= Approximate membership query filter =

Data structures that allow approximate membership queries

Approximate membership query filters (hereafter, AMQ filters) comprise a group of space-efficient probabilistic data structures that support approximate membership queries. An approximate membership query answers whether an element is in a set or not with a false positive rate of $\epsilon$.

Bloom filters are the most known AMQ filter, but there are other AMQ filters that support additional operations or have different space requirements.

AMQ filters have numerous applications, mainly in distributed systems and databases. There, they are often used to avoid network request or I/O operations that result from requesting elements that do not exist.
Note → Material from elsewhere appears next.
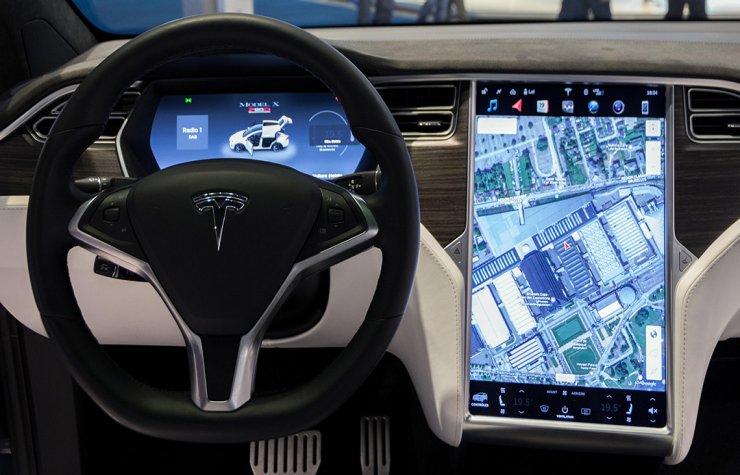 Description: Interior dashboard with navigation of Tesla vehicle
== Approximate membership query problem ==
The approximate membership query problem is to store information about a set of elements S in a space-efficient way. The goal is to answer queries about whether an element x is in the set S or not, while constraining false positives to a maximal probability $\epsilon$. All AMQ filters support this lookup operation. Dynamic AMQ filters allow insertions at any time whereas static AMQ filters must be rebuilt after inserting additional elements. Some AMQ filters support additional operations such as deleting elements, or merging two filters.

=== Lookup ===
An AMQ filter lookup will determine whether an element is definitely not in the set or probably in the set.

In other words, if the filter represents a set S and we are interested in a value s, then the lookup function applied to s behaves as follows:

- if $s \in S$: always returns true.
- if $s \notin S$: returns false with probability $1-\epsilon$.

A false positive is a lookup of an element that is not part of the set, but where the lookup returns true. The probability of this happening is the false positive rate $\epsilon$. False negatives (the lookup returns false although the element is part of the set) are not allowed for AMQ filters.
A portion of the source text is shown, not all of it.